Terselip di antara mereka bekel Gajah Mada. Penampilannya tampak tidak mencolok. Gajah Mada tak memberitahu siapapun kalau dia ikut mencari gadis itu. Bahkan, Gajah Mada lupa memberi laporan pada ratu Tribhuwaneswari. Setelah rapat dadakan dengan pasukannya selesai, Gajah Mada tanpa sadar langsung bergerak mendahului.

Gajah Mada menyusup di sela-sela kebun buah milik penduduk. Buah-buahan itu kelihatannya sudah siap panen. Tatap tajam bak paksi cataka*nya terpaku pada pohon mangga yang buahnya menggantung apik serta presisi.

Mangga ranum itu mengingatkannya pada si gadis tukang bikin rusuh. Si gadis cerewet yang selalu membuatnya terjebak dalam masalah. Juga gadis yang membuatnya setiap hari naik darah.

Gadis itu, Adira namanya. Gajah Mada ingat, terakhir kali saat dia bertemu Adira, gadis itu terasa berbeda. Dan itu karenanya.

Kata-kata Adira yang penuh luka kembali terngiang di telinga Gajah Mada.

"Angin dan lo itu sama-sama dekat, tapi gak pernah bisa tergapai apalagi tergenggam . Karena gak mungkinkan buat genggam angin?"

"Gue janji gak bakalan gangguin lo lagi sekarang. Yang gue gak bisa janji itu ngelupain lo, Gajah kurang gizi. Nanti, kalau lo udah gak capek, izinin gue buat temenan sama lo ya?"
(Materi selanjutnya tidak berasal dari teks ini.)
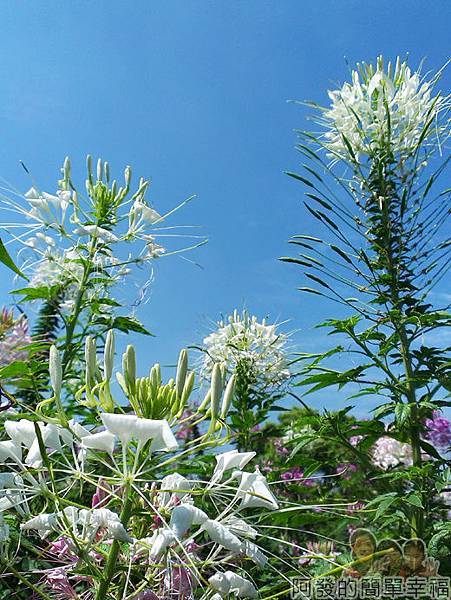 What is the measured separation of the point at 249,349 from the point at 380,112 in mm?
1778

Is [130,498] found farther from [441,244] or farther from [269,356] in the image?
[269,356]

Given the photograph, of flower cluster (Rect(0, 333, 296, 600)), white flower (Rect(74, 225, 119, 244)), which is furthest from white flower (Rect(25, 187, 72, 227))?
flower cluster (Rect(0, 333, 296, 600))

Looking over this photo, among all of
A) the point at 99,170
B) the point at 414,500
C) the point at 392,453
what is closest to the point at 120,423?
the point at 414,500

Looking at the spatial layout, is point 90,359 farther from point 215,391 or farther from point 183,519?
point 183,519

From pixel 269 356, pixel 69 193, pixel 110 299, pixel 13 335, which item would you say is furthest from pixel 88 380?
→ pixel 269 356

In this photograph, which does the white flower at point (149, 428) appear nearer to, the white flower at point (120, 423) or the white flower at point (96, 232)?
the white flower at point (120, 423)

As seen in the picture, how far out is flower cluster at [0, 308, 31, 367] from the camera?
2777 mm

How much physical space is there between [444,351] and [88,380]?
194 centimetres

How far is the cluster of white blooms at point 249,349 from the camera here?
4.06 metres

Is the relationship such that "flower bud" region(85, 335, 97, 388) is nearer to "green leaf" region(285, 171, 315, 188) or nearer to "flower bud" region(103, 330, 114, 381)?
"flower bud" region(103, 330, 114, 381)

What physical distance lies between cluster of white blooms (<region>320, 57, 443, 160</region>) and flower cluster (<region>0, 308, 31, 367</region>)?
1.95 metres

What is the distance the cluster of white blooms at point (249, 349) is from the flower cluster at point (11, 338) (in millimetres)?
1412

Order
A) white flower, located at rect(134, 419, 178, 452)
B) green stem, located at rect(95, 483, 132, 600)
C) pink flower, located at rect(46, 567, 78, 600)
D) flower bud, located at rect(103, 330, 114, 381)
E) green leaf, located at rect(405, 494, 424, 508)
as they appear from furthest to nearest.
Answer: green leaf, located at rect(405, 494, 424, 508)
pink flower, located at rect(46, 567, 78, 600)
flower bud, located at rect(103, 330, 114, 381)
green stem, located at rect(95, 483, 132, 600)
white flower, located at rect(134, 419, 178, 452)

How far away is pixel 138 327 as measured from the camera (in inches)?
127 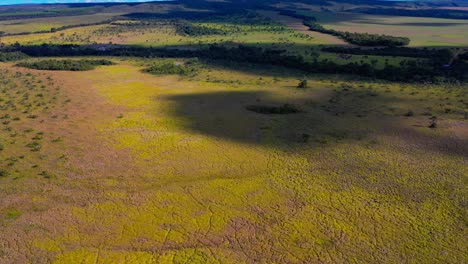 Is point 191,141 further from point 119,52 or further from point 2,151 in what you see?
point 119,52

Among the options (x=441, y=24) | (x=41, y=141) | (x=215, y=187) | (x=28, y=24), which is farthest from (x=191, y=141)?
(x=28, y=24)

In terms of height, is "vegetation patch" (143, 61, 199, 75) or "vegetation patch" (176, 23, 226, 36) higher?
"vegetation patch" (176, 23, 226, 36)

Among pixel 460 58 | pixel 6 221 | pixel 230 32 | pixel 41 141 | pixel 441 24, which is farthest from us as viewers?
pixel 441 24

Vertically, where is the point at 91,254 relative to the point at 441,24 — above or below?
below

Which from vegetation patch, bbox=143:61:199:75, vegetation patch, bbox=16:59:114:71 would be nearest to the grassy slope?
vegetation patch, bbox=143:61:199:75

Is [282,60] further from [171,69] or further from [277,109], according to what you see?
[277,109]

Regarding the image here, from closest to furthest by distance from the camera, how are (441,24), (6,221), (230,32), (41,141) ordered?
(6,221), (41,141), (230,32), (441,24)

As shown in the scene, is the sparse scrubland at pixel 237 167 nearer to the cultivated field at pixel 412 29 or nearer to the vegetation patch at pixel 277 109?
the vegetation patch at pixel 277 109

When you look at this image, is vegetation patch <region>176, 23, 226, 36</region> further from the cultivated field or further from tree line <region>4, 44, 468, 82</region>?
the cultivated field

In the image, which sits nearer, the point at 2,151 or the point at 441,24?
the point at 2,151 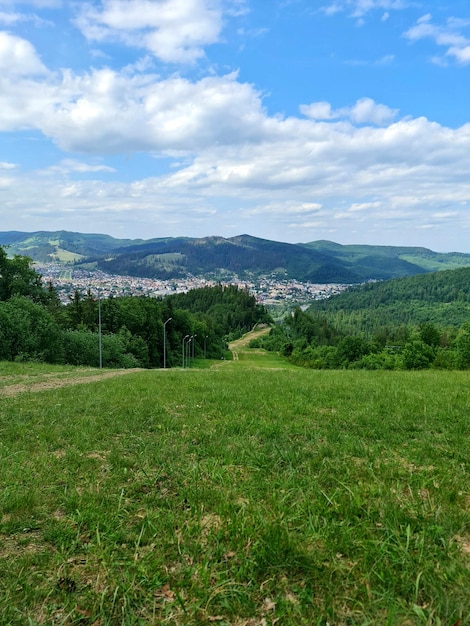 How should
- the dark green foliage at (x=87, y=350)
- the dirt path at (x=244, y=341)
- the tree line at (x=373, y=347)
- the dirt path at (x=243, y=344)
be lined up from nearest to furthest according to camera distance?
the dark green foliage at (x=87, y=350)
the tree line at (x=373, y=347)
the dirt path at (x=243, y=344)
the dirt path at (x=244, y=341)

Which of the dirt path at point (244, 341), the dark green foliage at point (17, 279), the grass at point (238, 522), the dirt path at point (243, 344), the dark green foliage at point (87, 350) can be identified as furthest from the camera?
the dirt path at point (244, 341)

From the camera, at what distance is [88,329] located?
6394 cm

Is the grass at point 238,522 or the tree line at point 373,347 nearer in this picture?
the grass at point 238,522

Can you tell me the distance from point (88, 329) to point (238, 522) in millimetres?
65057

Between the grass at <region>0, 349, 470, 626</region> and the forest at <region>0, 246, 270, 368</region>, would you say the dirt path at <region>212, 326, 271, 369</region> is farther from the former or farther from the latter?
the grass at <region>0, 349, 470, 626</region>

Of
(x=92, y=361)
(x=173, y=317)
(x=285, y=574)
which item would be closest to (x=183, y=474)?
(x=285, y=574)

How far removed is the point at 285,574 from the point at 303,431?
3887 millimetres

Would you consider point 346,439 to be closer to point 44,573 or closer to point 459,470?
point 459,470

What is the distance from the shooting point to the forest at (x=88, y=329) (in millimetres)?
34344

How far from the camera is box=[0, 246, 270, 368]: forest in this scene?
3434 cm

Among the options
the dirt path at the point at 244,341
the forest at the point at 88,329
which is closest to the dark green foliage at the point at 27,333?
the forest at the point at 88,329

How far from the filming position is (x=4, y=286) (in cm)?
4653

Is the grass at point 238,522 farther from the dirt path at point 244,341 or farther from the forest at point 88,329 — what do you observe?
the dirt path at point 244,341

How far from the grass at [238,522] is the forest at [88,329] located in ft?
96.2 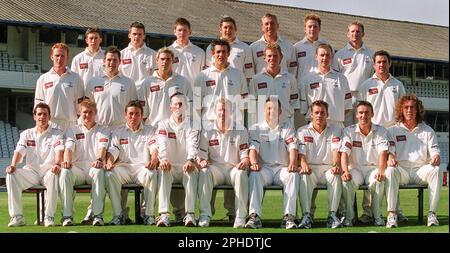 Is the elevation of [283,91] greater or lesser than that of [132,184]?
greater

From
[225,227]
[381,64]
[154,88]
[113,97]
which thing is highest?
[381,64]

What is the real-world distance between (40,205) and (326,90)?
11.6 feet

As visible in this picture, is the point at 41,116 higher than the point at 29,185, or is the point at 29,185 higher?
the point at 41,116

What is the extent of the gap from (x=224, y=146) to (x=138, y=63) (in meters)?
1.87

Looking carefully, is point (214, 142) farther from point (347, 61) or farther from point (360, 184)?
point (347, 61)

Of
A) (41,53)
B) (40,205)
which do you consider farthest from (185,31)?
(41,53)

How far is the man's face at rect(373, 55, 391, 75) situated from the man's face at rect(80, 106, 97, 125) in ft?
10.8

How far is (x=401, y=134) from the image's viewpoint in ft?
31.0

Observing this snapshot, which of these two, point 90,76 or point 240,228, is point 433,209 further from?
point 90,76

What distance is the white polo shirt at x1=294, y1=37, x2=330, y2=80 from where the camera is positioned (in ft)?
34.9

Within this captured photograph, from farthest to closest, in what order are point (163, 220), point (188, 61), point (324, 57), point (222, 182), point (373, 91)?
1. point (188, 61)
2. point (373, 91)
3. point (324, 57)
4. point (222, 182)
5. point (163, 220)

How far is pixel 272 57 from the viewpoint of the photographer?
9.51m

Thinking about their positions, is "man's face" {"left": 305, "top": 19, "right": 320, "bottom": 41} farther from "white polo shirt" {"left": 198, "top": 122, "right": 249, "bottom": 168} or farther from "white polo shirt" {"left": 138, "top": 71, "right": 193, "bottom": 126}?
"white polo shirt" {"left": 198, "top": 122, "right": 249, "bottom": 168}

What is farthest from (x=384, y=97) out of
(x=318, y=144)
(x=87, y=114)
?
(x=87, y=114) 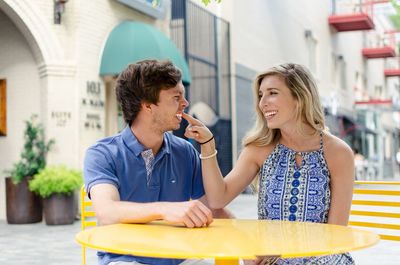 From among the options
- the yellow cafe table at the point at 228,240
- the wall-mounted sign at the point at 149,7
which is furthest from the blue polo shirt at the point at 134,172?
the wall-mounted sign at the point at 149,7

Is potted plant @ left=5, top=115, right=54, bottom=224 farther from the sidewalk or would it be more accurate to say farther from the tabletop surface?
the tabletop surface

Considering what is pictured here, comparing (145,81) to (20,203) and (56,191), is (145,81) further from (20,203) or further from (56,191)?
(20,203)

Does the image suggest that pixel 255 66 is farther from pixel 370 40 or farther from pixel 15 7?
pixel 370 40

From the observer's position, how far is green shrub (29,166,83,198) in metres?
9.91

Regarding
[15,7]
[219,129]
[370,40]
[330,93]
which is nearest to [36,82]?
[15,7]

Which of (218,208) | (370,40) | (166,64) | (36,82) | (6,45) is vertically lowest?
(218,208)

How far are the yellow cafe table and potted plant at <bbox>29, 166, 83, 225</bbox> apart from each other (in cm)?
780

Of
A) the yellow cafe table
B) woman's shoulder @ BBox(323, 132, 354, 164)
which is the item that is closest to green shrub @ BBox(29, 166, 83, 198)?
woman's shoulder @ BBox(323, 132, 354, 164)

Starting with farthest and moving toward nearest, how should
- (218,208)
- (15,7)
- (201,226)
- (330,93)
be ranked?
(330,93)
(15,7)
(218,208)
(201,226)

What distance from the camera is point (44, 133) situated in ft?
36.1

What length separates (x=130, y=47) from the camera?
→ 1181 centimetres

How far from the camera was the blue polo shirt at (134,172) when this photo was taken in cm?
268

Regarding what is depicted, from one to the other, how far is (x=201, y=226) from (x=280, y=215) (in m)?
0.65

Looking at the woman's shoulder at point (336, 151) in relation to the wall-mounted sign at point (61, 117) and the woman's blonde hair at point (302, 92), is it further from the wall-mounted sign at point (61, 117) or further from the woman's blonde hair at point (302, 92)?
the wall-mounted sign at point (61, 117) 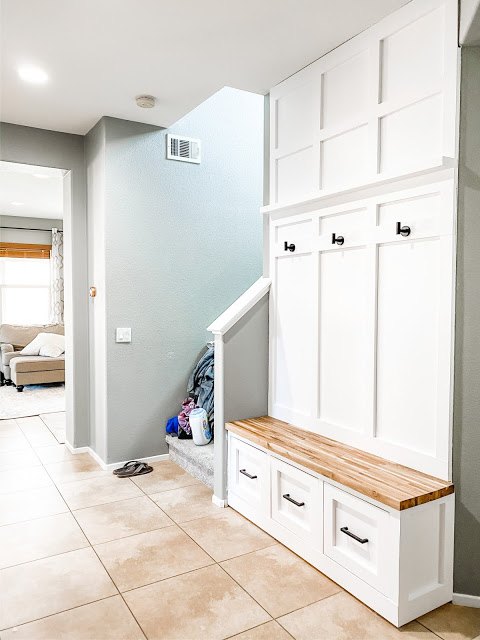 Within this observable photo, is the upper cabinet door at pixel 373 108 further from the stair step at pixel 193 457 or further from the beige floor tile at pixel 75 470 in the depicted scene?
the beige floor tile at pixel 75 470

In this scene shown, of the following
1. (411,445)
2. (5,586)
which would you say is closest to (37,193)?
(5,586)

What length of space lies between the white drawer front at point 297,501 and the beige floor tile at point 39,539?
103cm

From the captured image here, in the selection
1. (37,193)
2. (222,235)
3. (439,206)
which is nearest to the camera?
(439,206)

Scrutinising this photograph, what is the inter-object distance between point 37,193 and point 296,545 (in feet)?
19.8

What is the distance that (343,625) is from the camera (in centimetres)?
204

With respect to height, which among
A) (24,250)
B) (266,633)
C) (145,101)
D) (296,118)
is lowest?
(266,633)

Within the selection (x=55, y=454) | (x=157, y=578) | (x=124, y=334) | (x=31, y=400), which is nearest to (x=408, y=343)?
(x=157, y=578)

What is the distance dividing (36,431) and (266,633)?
11.7ft

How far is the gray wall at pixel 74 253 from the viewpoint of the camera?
4008 millimetres

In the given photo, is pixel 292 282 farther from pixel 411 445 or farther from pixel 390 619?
pixel 390 619

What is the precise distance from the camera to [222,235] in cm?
429

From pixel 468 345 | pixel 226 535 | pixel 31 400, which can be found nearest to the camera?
pixel 468 345

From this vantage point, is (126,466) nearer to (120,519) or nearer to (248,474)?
(120,519)

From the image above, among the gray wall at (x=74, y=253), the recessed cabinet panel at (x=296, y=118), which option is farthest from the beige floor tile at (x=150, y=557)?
the recessed cabinet panel at (x=296, y=118) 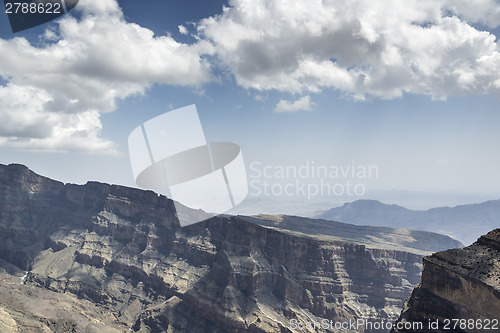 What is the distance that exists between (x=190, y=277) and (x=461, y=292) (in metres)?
128

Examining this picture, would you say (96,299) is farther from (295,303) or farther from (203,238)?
(295,303)

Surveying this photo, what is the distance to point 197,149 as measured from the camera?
5488cm

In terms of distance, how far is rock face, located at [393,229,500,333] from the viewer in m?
46.2

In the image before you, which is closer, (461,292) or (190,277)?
(461,292)

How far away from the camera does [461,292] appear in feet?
162

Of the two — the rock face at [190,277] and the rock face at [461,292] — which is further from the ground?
the rock face at [461,292]

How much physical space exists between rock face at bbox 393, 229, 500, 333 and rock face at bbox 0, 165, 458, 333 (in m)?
82.7

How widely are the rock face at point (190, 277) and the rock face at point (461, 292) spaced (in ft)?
271

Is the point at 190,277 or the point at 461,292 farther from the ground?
the point at 461,292

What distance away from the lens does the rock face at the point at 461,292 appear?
46.2 m

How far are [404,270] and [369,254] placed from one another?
112 feet

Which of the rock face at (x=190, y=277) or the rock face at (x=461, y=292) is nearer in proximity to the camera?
the rock face at (x=461, y=292)

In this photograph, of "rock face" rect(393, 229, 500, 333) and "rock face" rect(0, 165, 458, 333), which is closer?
"rock face" rect(393, 229, 500, 333)

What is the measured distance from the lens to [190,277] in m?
158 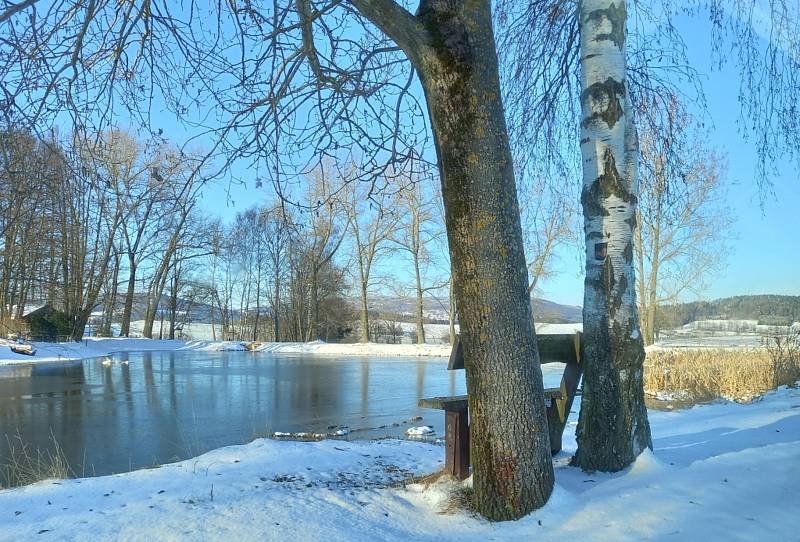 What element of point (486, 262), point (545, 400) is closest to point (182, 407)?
point (545, 400)

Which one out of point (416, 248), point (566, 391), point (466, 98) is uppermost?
point (416, 248)

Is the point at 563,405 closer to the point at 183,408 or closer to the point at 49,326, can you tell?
the point at 183,408

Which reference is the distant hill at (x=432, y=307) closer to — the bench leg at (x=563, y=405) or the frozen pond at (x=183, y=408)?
the frozen pond at (x=183, y=408)

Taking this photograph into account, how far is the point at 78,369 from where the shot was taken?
22547mm

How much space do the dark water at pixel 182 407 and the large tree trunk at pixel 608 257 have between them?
5.28 metres

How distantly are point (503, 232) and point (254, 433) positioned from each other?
6.61 metres

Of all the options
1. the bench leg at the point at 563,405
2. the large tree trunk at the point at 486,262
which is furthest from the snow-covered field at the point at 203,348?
the large tree trunk at the point at 486,262

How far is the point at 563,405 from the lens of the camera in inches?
191

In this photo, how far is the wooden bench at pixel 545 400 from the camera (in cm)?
419

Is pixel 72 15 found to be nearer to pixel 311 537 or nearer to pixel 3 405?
pixel 311 537

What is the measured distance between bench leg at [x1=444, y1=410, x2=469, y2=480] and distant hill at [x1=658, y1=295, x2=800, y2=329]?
12774mm

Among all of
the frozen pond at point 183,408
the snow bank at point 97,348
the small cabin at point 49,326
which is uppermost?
the small cabin at point 49,326

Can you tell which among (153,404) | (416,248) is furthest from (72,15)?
(416,248)

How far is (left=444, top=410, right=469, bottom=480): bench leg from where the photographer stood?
13.7 ft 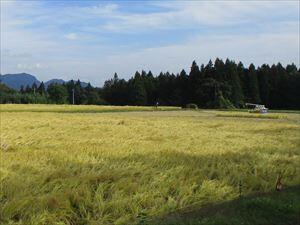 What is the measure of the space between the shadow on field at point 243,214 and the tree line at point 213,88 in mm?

Bahkan, bibir Adira yang tertarik pelan itu masih terpatri jelas di ingatan. Berulang terus seperti kaset rusak.

"Kenapa kamu pergi, Adira?" Tanyanya pelan. "Seharusnya kamu tak usah mempedulikanku. Aku ini lelaki brengsek yang hanya bisa membuatmu menangis."

Sudah tiga hari bekel itu melangkah mengikuti instingnya. Namun hingga kini masih belum menemukan titik terang. Keiko entah berada dimanalah.

"Salahku," cowok itu menunduk. Sungguh, bukan ini maunya. Ia tidak pernah berharap gadis itu pergi. Tidak pernah. Gajah Mada tidak tahu apa yang ia rasakan. Mendadak ia membenci dirinya sendiri karena tak bisa bersikap biasa jika berhubungan dengan seorang wanita. Lebih-lebih Adira.

"Adira. Tolong ajari aku bagaimana caranya memahami wanita. Aku bodoh jadinya kalau sudah begini," monolog dalam hati itu masih bersambung. Gajah Mada masih cukup waras untuk tidak bicara sendiri di tengah kesunyian kebun. Toh malas juga sih mengeluarkan suara. Enakkan ngomong dalam hati. Rahasianya terjamin comfortable 100%.

"Meoww!"

Bujubusrak!

Seekor kucing yang tiba-tiba muncul dari kerimbunan semak bikin Gajah Mada jantungan. Ya, gimana. Orang lagi asik ngegalau kok. Malah diganggu kucing. Jahat. Kucing tak berperasaan.

Memang benar kata pujangga yang dulunya mantan prajurit tapi dia gak lulus. Soalnya waktu lagi simulasi perang dia malah sibuk sendiri buat puisi. Dia bilang, jangan terlalu larut dengan kesedihan (read), GALAU. Karena itu membuat kepekaanmu terhadap sekitar berkurang drastis, kawan.

***

"Keiko sudah ditemukan?"

Jayanegara sedang menerima kehadiran salah satu Bhayangkara di ruangannya. Setiap waktu, Bhayangkara rutin memberi laporan tentang perkembangan pencarian Keiko.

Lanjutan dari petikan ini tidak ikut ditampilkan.